- **Required work**: The task calls for every line of the data to be repeated exactly.

- **Records for this task**:
===============
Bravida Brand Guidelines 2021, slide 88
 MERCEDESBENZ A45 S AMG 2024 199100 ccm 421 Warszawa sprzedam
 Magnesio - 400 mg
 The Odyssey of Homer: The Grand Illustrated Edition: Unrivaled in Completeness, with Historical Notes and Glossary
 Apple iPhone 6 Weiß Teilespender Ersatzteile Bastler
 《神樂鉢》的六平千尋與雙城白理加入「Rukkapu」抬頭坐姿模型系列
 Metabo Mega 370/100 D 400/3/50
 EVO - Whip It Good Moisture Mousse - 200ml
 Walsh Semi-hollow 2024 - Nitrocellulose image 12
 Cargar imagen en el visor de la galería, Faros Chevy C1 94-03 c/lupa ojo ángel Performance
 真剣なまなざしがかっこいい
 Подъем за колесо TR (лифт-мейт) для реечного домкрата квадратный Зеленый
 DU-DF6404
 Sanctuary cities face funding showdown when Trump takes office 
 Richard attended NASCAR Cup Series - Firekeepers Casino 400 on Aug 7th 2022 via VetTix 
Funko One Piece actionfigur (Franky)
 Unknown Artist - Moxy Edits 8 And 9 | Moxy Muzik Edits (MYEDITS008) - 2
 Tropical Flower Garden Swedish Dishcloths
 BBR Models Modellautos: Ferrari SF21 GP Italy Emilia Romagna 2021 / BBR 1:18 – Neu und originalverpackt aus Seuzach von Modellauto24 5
===============
- **Result of the exercise**:
Bravida Brand Guidelines 2021, slide 88
 MERCEDESBENZ A45 S AMG 2024 199100 ccm 421 Warszawa sprzedam
 Magnesio - 400 mg
 The Odyssey of Homer: The Grand Illustrated Edition: Unrivaled in Completeness, with Historical Notes and Glossary
 Apple iPhone 6 Weiß Teilespender Ersatzteile Bastler
 《神樂鉢》的六平千尋與雙城白理加入「Rukkapu」抬頭坐姿模型系列
 Metabo Mega 370/100 D 400/3/50
 EVO - Whip It Good Moisture Mousse - 200ml
 Walsh Semi-hollow 2024 - Nitrocellulose image 12
 Cargar imagen en el visor de la galería, Faros Chevy C1 94-03 c/lupa ojo ángel Performance
 真剣なまなざしがかっこいい
 Подъем за колесо TR (лифт-мейт) для реечного домкрата квадратный Зеленый
 DU-DF6404
 Sanctuary cities face funding showdown when Trump takes office 
 Richard attended NASCAR Cup Series - Firekeepers Casino 400 on Aug 7th 2022 via VetTix 
Funko One Piece actionfigur (Franky)
 Unknown Artist - Moxy Edits 8 And 9 | Moxy Muzik Edits (MYEDITS008) - 2
 Tropical Flower Garden Swedish Dishcloths
 BBR Models Modellautos: Ferrari SF21 GP Italy Emilia Romagna 2021 / BBR 1:18 – Neu und originalverpackt aus Seuzach von Modellauto24 5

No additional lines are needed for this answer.